I'm going to self plug here on work I'm apart of that does persistent processes, although the motivation is different. I do think this paper does a good job of informing the reader on why these sort of features would be really cool that this project does not necessarily dive into. But it requires widening the API and allowing for developers to choose how they persist.
I remember reading about another, pretty old, microkernel OS which had persistent processes.
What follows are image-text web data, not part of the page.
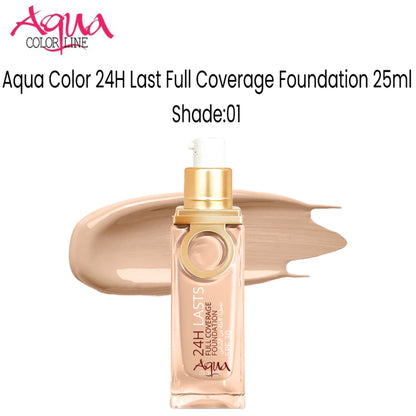 Aqua Color 24H Last Full Coverage Foundation 25ml (Shade:01)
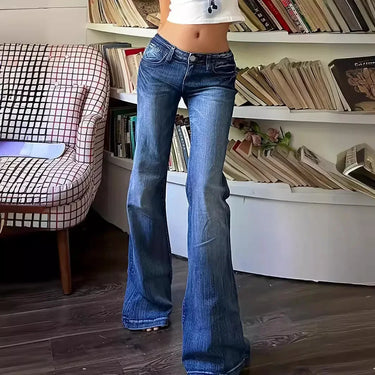 Flare Pants Women Jeans High Waist Streetwear Trousers Skinny Stretch Distressed Washed Pockets 2025 Female Vintage Denims 3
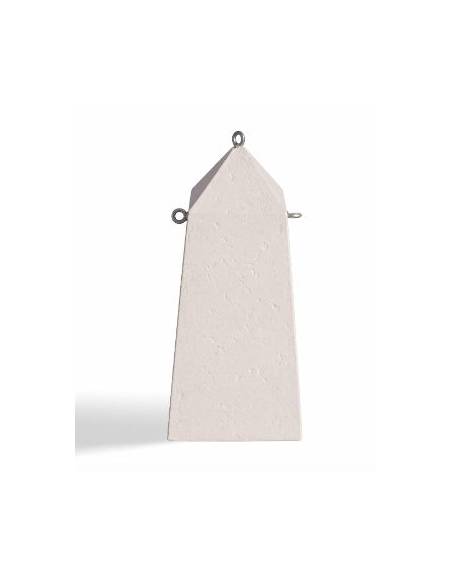 Dissuasore traffico a obelisco in cemento calcestruzzo - Colore bianco pietra - Kg 400 - cm 50x50x110h - Conforme ai CAM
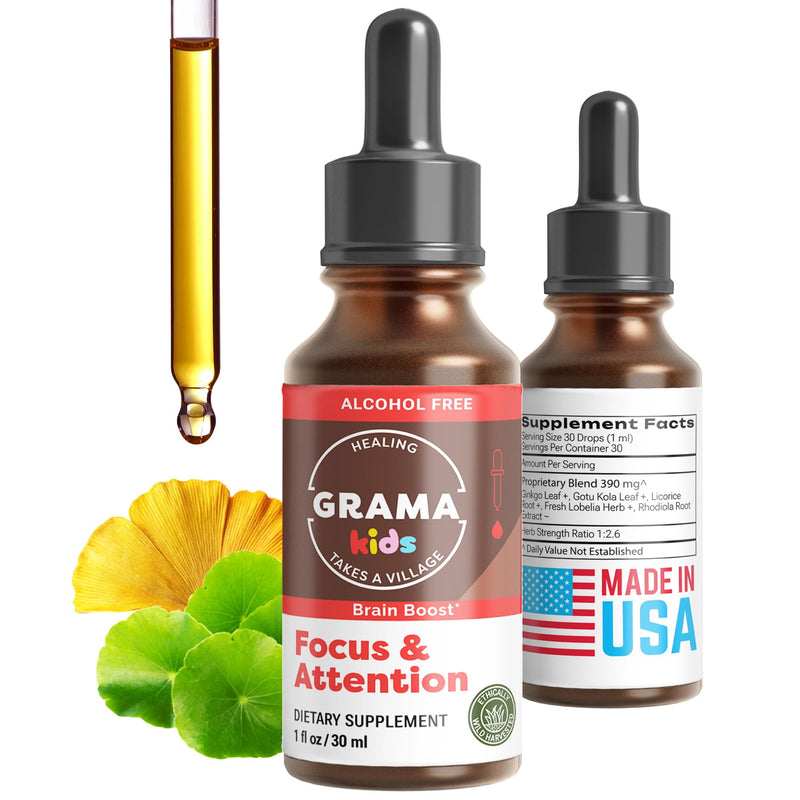Wellness - Focus & Attention Organic Kids Brain Vitamins & Cognitive Support Drops, ADHD Supplement with Ginkgo Biloba, Rhodiola, Gotu Kola, Licorice Root | Made in USA – 30 Servings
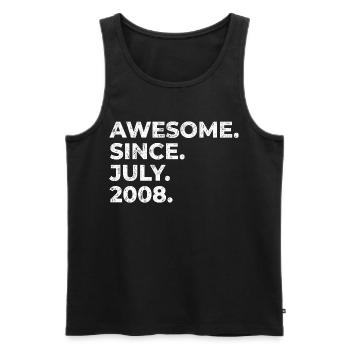 Seit Juli 2008 – Awesome Vintage Typo - Männer Premium Bio Tank Top - Schwarz - Vorne - Michal (187cm)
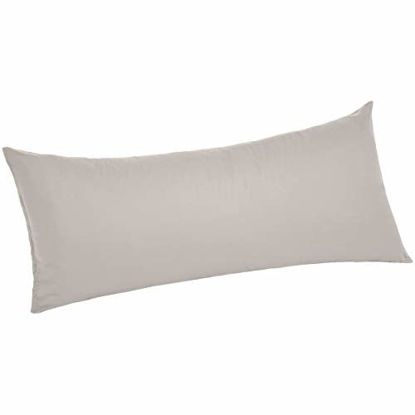 Picture of Amazon Basics Ultra-Soft Cotton Pillow Case - Body Pillow, 55 x 21 Inch, Dove Grey
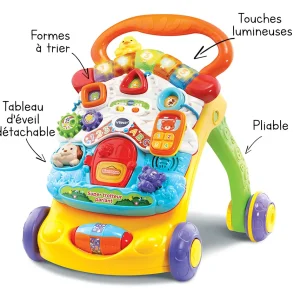VTech Baby Super Trotteur Parlant 2 En 1 Orange- Porteurs, Trotteurs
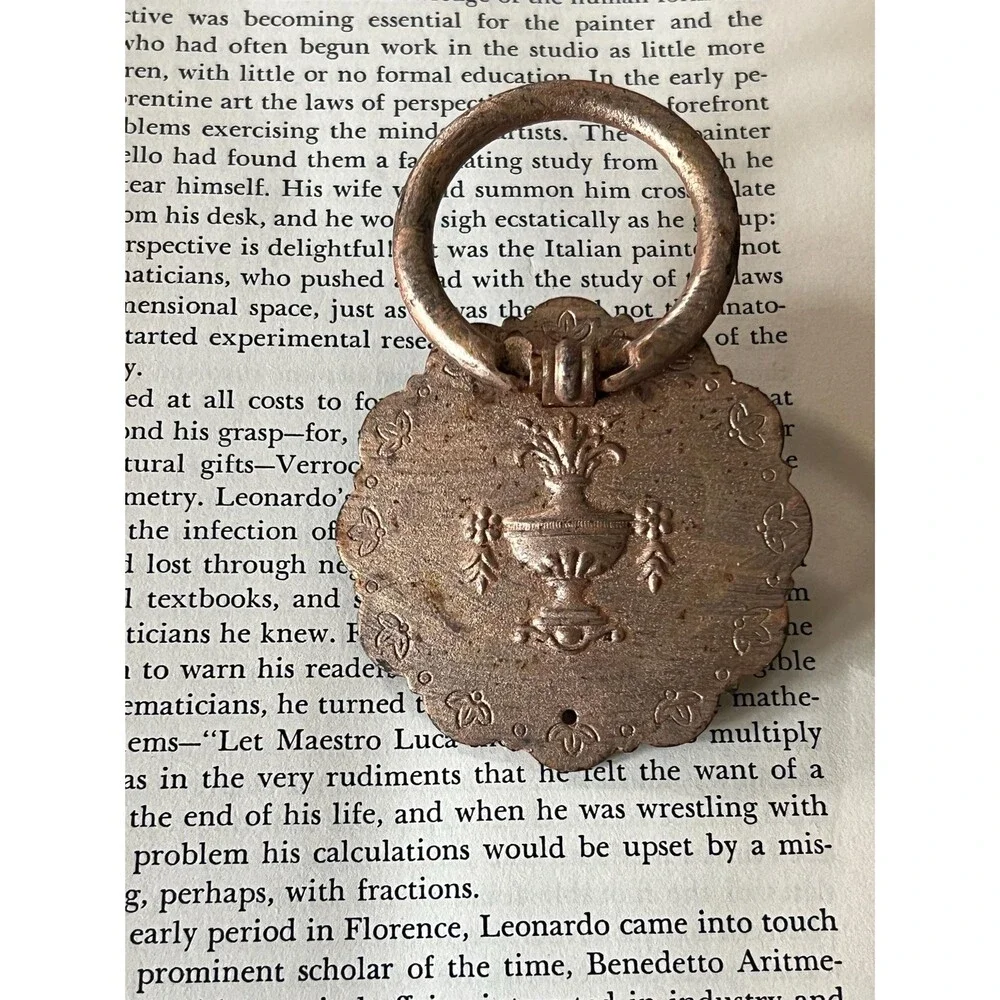 Single Vintage Cast Iron Drawer/Cabinet Ring Pull with Urn Detail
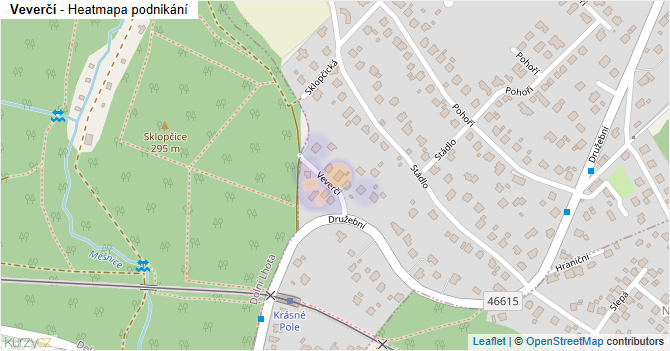 Veverčí - mapa podnikání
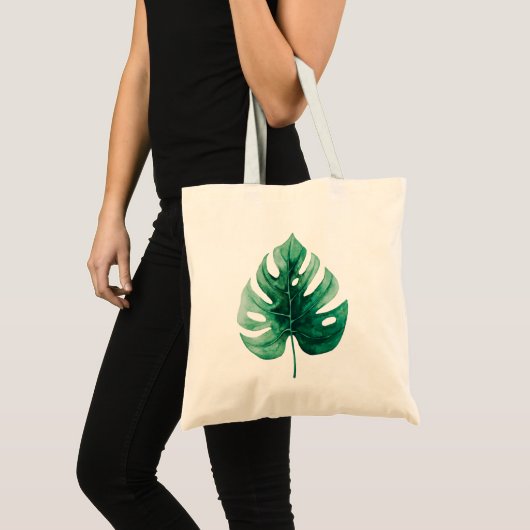 Stijlvolle Waterverf Tropische Groene Monstera Lea Tote Bag (Voorkant (product))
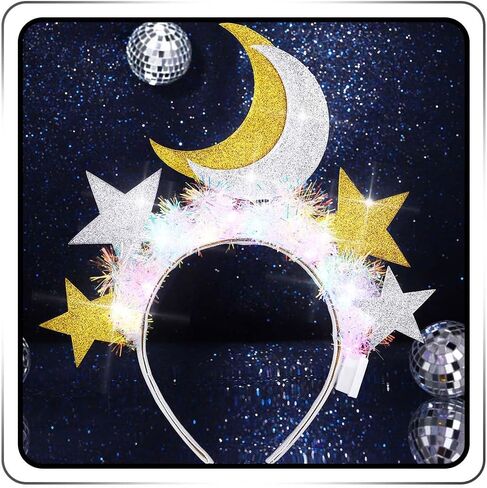 EARENT Light Up Star Headband Led Glow Moon Stars Hair Band Luminous Hair Hoop Glitter Tinsel Headpiece Rave Nightclub Costume Party Hair Accessories for Women (C-Gold+Silver) in Saudi Arabia
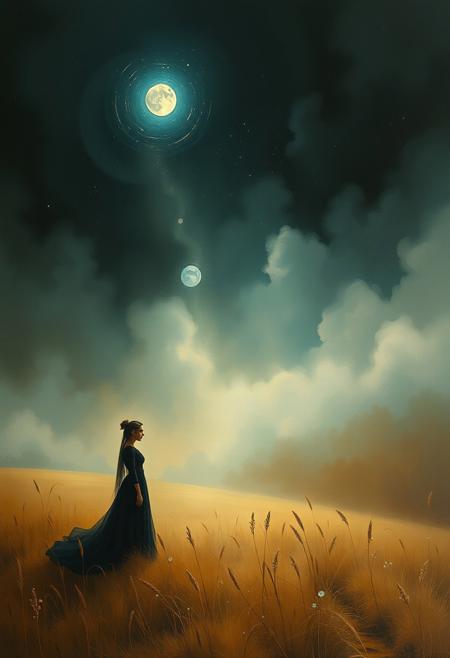 surreal dark fantasy with melancholic painterly realism, ethereal figures blending with soft pastoral landscapes, muted golden earth tones merging with deep celestial blues, dreamlike atmospheric lighting, introspective emotional depth, painterly textures with visionary symbolism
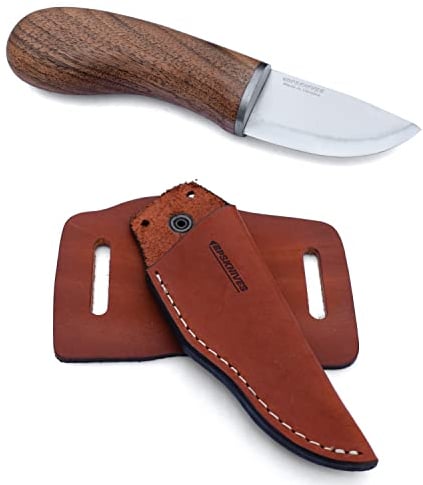 BPS Knives MK1 SSH Coltello per Funghi MK1 SSH - Coltello Affilato in Acciaio Inossidabile - Mini Coltello per Raccolta - Coltello a Lama Fissa per la Raccolta di Funghi con Fodero in Pelle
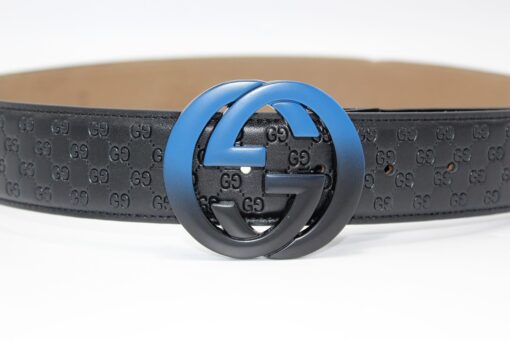 Gucci Signature Leather Belt with Black & Blue Buckle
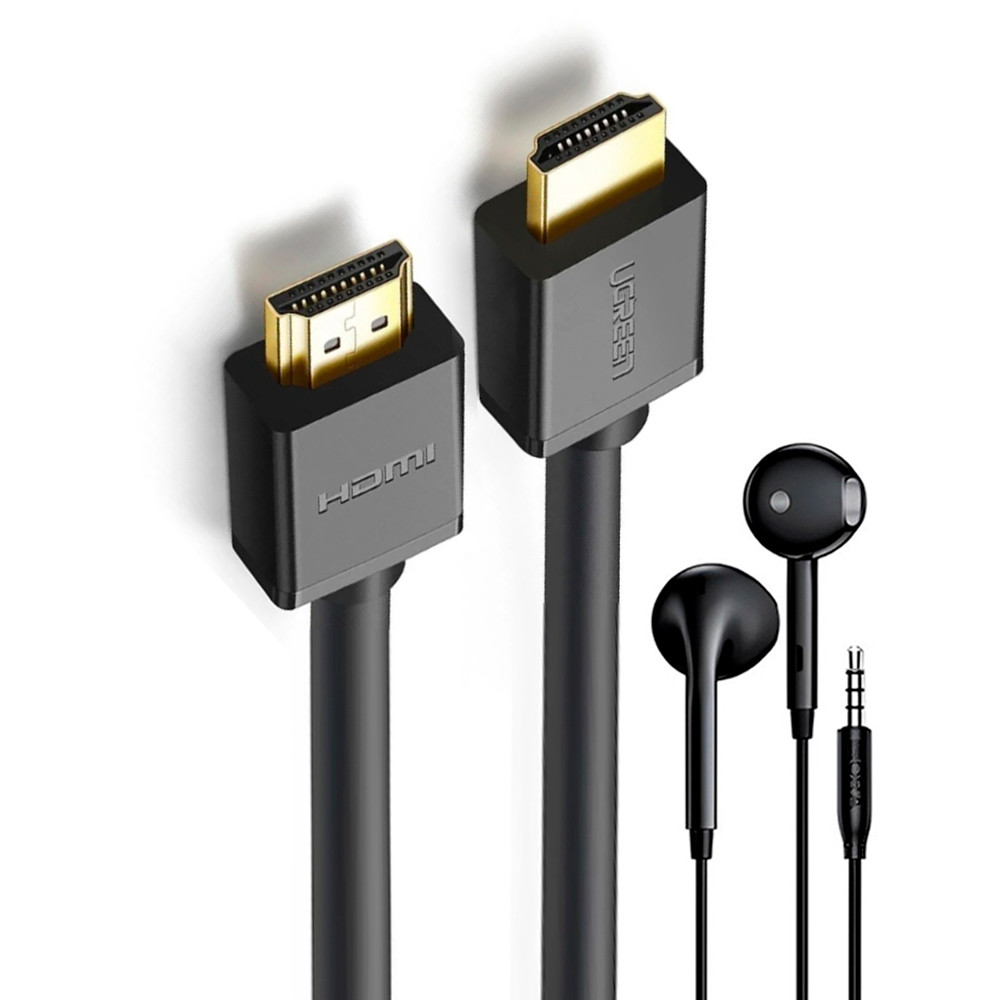 Ugreen Cabo Hdmi 2.0 Macho 4k 60Hz 2M Preto Fone Ouvido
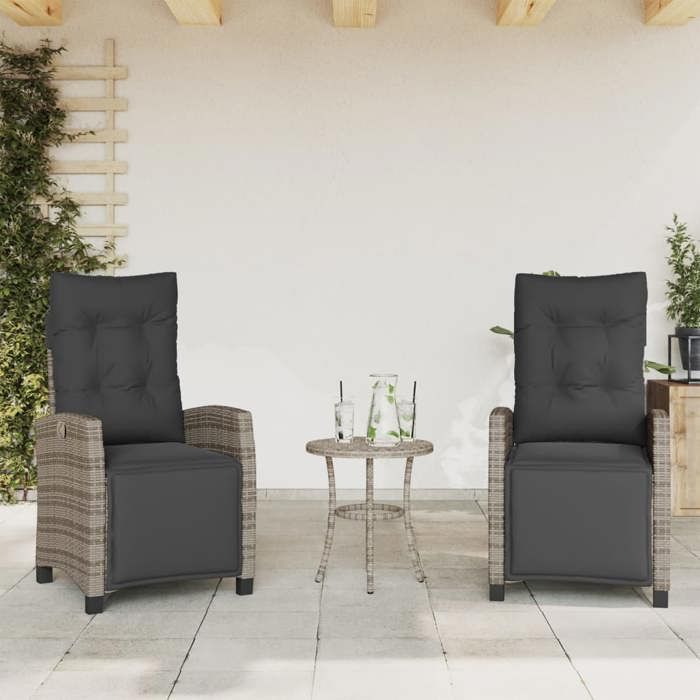 VidaXL Garden Reclining Chairs Set of 2 and Footrest Rattan 365243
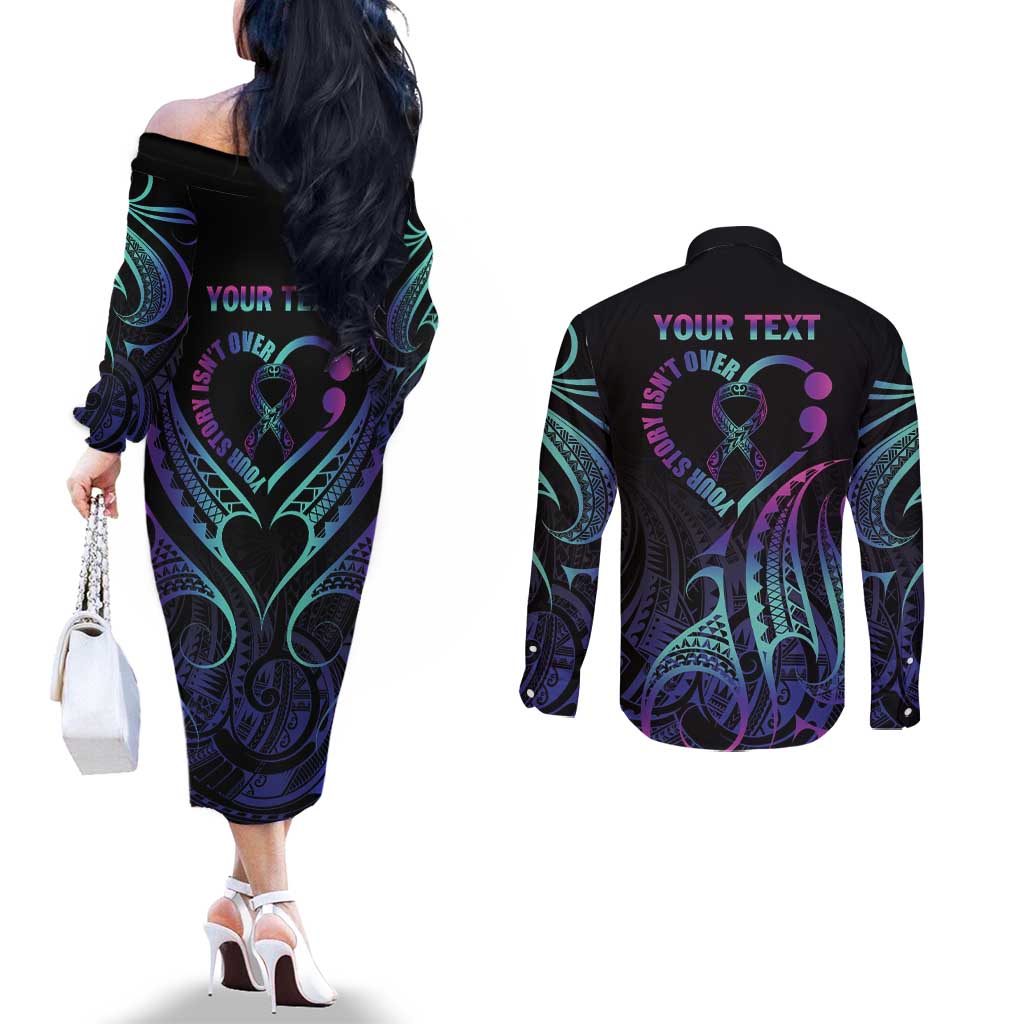 Personalised Your Story Isn't Over Couples Matching Off The Shoulder Long Sleeve Dress and Long Sleeve Button Shirt Suicide Prevention Awareness Semicolon Heart LT9 - Polynesian Pride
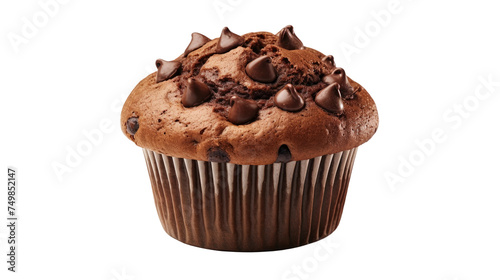 Delicious Chocolate Muffin With Chocolate Chips. A chocolate muffin topped with chocolate chips sits on a plate. The muffin is rich and moist, with visible chocolate chips on top.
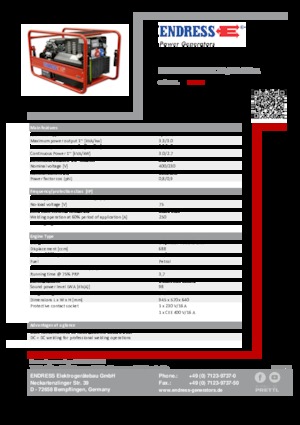 गैसोलीन पावर जनरेटर Endress ESE 1006 SDHS-DC ES / 30-300 A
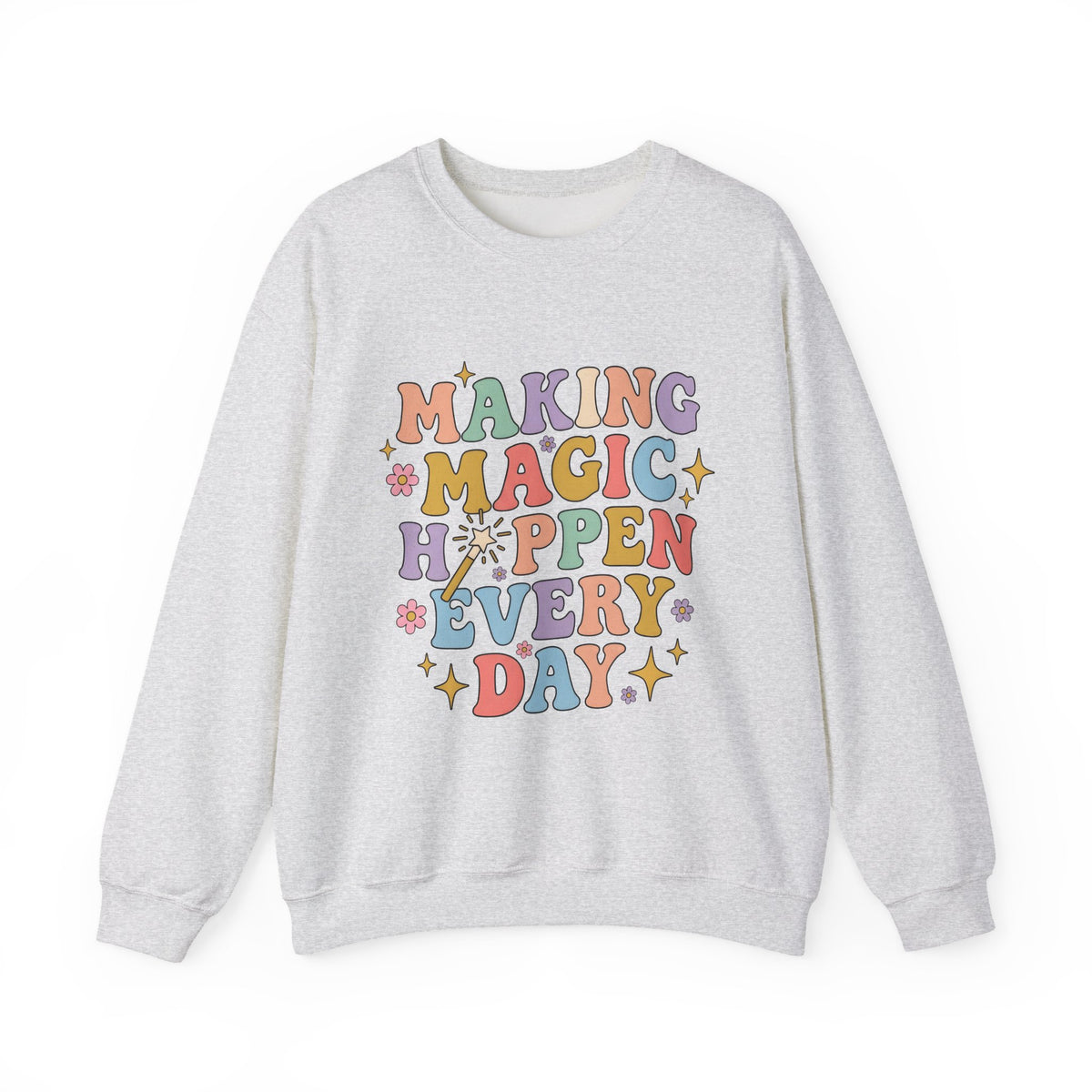 Enchanted Rod Design Sweatshirt Teachers Thanks Gift Women Line Art Sweatshirt Magic Wand Sweatshirt Educator Enthusiast Illustration Graphic Appreciation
It was probably a capability based OS. Anyone know what that was?
Ooh interesting, probably unrelated but I was thinking a GAI would use one of these at its core eg. "it can't die". For the self/state aspect.
Also a criteria is code that modify itself without recompiling.
This also considers a power source like a nuclear battery or something that will last a long time or alternate in the low power state/ambient or whatever energy.
New operating systems are really needed for virtual and augmented reality. Especially with higher resolution, more comfortable devices that people use for work. I think the 3d file system representation will finally become normal.
It will be an exciting time for user interface development.
Possibly we could see networked collaboration/"multiplayer" at the OS level.
The project is falling into the "simplification trap", where all it's doing is moving inherent complexity around (which eventually requires users to do a bunch of work-arounds) rather than eliminating it (because inherent complexity can't be eliminated; only needless complications can be eliminated).
In theory, this sort of setup would be nice in a perfect world, but in the real world of buggy software and faulty hardware and cosmic rays and failing network connections, it's a disaster waiting to happen.